You have to be KIDding

David Prosser examines the growing concerns surrounding Key Information Documents.

Transparency and disclosure have become ever more important principles for our regulatory authorities. But while few would argue that advisers and investors alike have not benefitted from regulation that requires investment companies to offer much more detailed information about charging structures and performance data, there is growing concern that the latest European Union initiatives on transparency could cause as many problems as they solve.

Last week, Anthony Townsend, chairman of the £1.3bn Finsbury Growth & Income investment company effectively told his shareholders that they should take his projections of future fund performance with a pinch of salt. It might seem bizarre for a fund to warn its investors that they might not receive the level of returns set out in official disclosures, but that’s essentially what Mr Townsend felt compelled to do.

Many advisers will already be aware of the problem. The EU’s Packaged Retail and Insurance-based Investment Products (Priips) rules require investment funds to publish key information documents (KIDs) setting out, among other things, projections for future returns. Many fund managers believe the assumptions and scenarios on which these projections must be based could prove to be woefully inaccurate, in which case investors may end up very disappointed.

Having pointed this out some time ago, investment companies have won the right from the Financial Conduct Authority to issue additional documentation alongside performance projections to provide further clarification; this is what Mr Townsend is now doing. Nevertheless, the underlying difficulty remains: regulation on disclosure introduced with investors’ best interests at heart may actually serve to mislead.

This is not the only issue with which investment companies are currently grappling. The regulation around KIDs requires funds to include the cost of borrowing in the charges declaration they make to investors; but since only investment companies are allowed to take on gearing – this isn’t an option for open-ended funds – the effect may be to create a picture of a sector that is uncompetitive on fees.

At Scottish Mortgage, for example, the ongoing charges figure declared to investors has risen from 0.44 per cent to 0.84 per cent because of the effect of taking gearing costs into account. At Monks investment trust, the figure has risen from 0.59 per cent to 0.86 per cent.

So what, you might say, given that these are genuine costs incurred by the fund – and thus borne by investors. The problem is that there is no room to declare the plus side of gearing in the charging comparisons – investment companies’ ability to take on borrowing, which boosts returns in a rising market, is a fundamental attraction of the industry. So adding gearing costs to charging disclosures without any opportunity to set out the benefits that may accrue from borrowing really tells only one side of the story.
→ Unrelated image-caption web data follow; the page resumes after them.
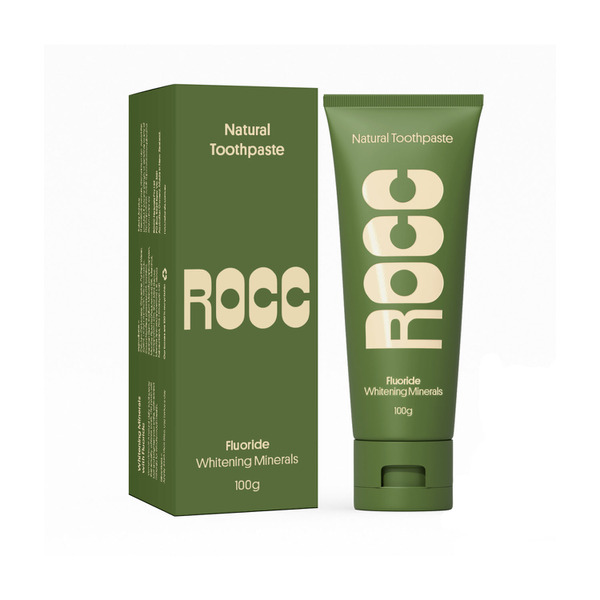 Rocc Naturals Whitening Minerals With Fluoride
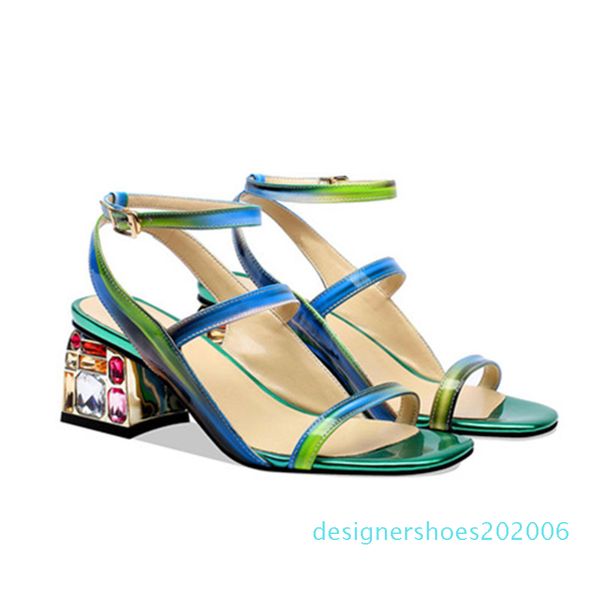 asumer size 34-41 new genuine leather women buckle summer crystal square high heels shoes prom wedding sandals d06, Black
asumer size 34-41 new genuine leather women buckle summer crystal square high heels shoes prom wedding sandals d06, Black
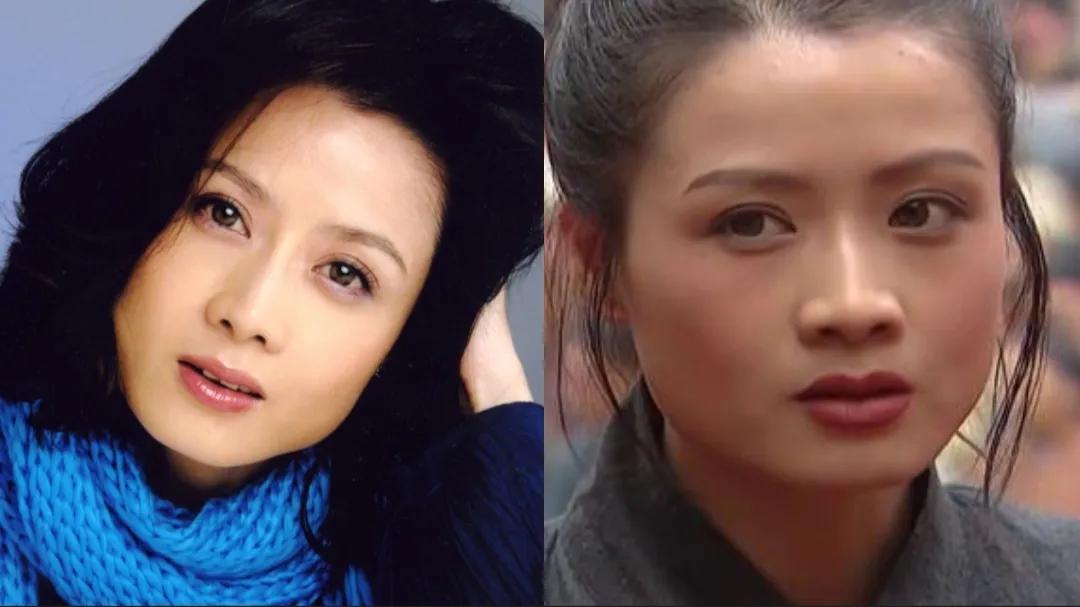 央视版《水浒传》13位美人与她们背后的故事，两位演员英年早逝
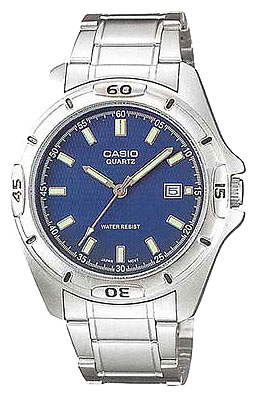 Casio MTP-1244D-2A wrist watches for men - 1 image, photo, picture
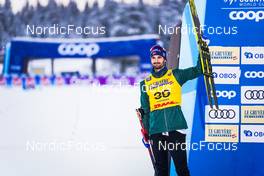 04.12.2021, Lillehammer, Norway (NOR): Hans Christer Holund (NOR) - FIS world cup cross-country, 15km men, Lillehammer (NOR). www.nordicfocus.com. © Thibaut/NordicFocus. Every downloaded picture is fee-liable.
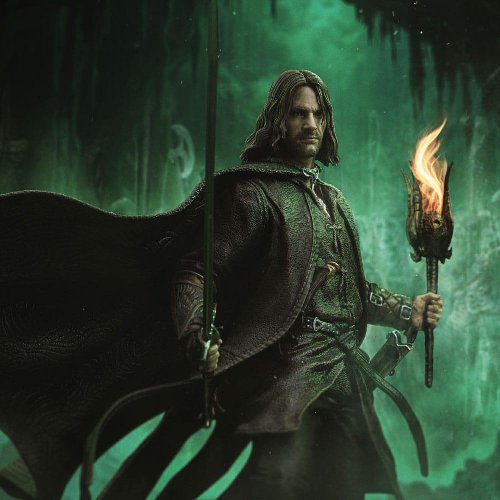 The Lord of the Rings - Aragorn Unleashed 1/10 Φιγούρα
Αγαλματίδιο (31cm)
Ultimately, these are examples of the law of unintended consequences. But while the regulation remains as it is, the responsibility falls on advisers to understand the implications of the rules and to communicate it effectively to their clients.

None of which is to suggest that more disclosure and transparency is a bad idea. But the more information that is made available, the more skill will be required to interpret it properly and make meaningful comparisons. Advisers will need to earn their salt.